--- THE INPUT Enclosed Below ---
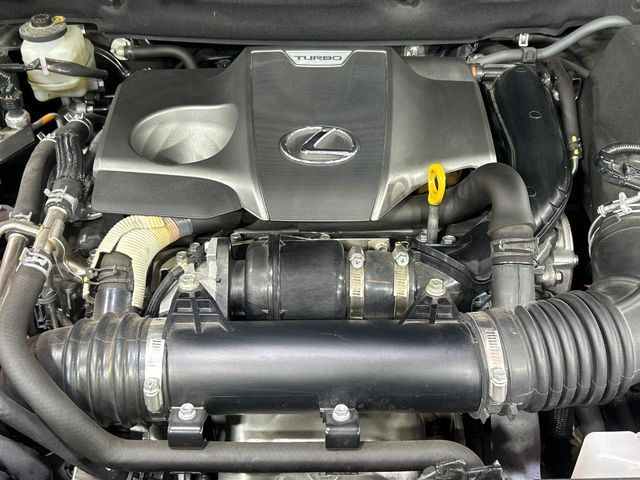 LEXUS NX200t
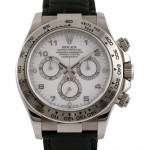  Rolex Daytona Ref. 116519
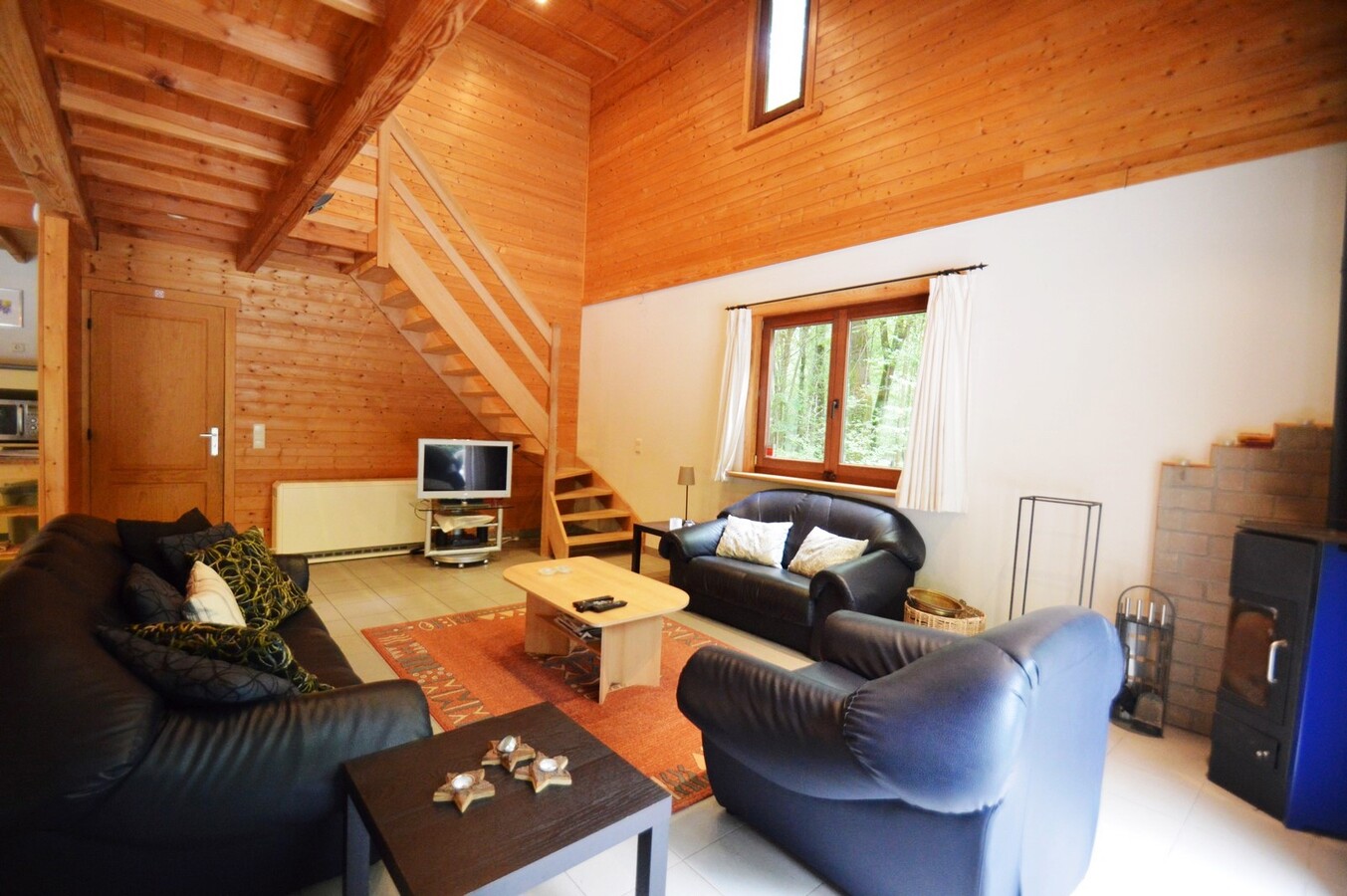 Mooie woning in bosrijke omgeving - Bomal s/ Ourthe 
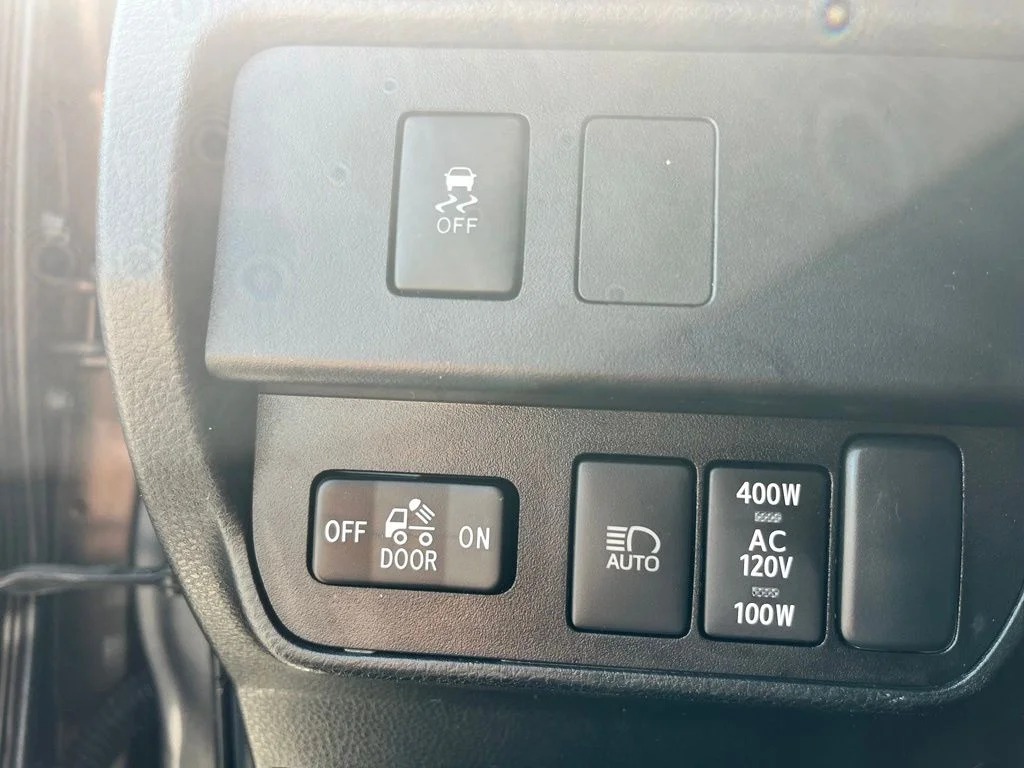 Used 2023 Gray Toyota TRD Off-Road image 15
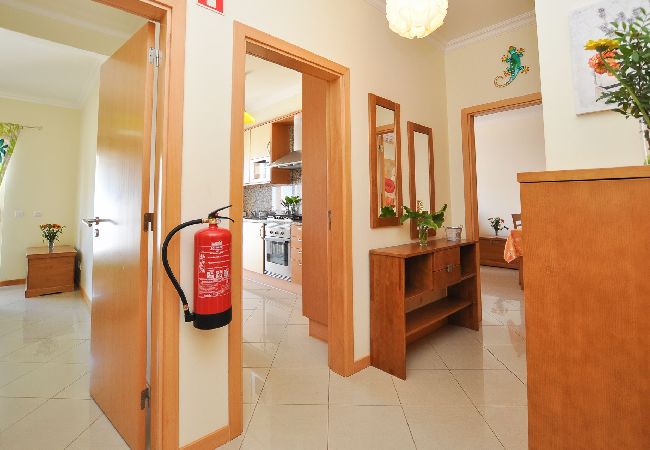 Apartment in Albufeira - Flat Medronho OCV - Ocean View Apartment in Albufeira - Flat Medronho OCV - Ocean View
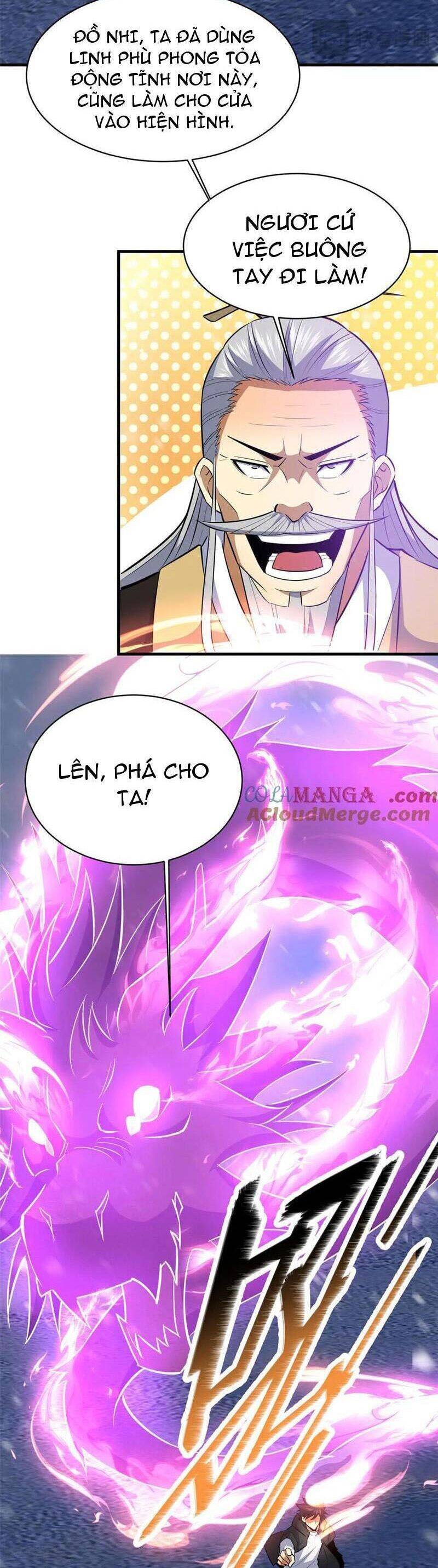 Chương 208 - trang 22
--- End of Enclosed THE INPUT ---
- [PROBLEM DETAILS]:
Beginning with the line that has "Mooie woning in", repeat each remaining line of the data above word for word, keeping pictures out.

- [SOLUTION TO THE EXERCISE]:
 Mooie woning in bosrijke omgeving - Bomal s/ Ourthe 
 Used 2023 Gray Toyota TRD Off-Road image 15
 Apartment in Albufeira - Flat Medronho OCV - Ocean View Apartment in Albufeira - Flat Medronho OCV - Ocean View
 Chương 208 - trang 22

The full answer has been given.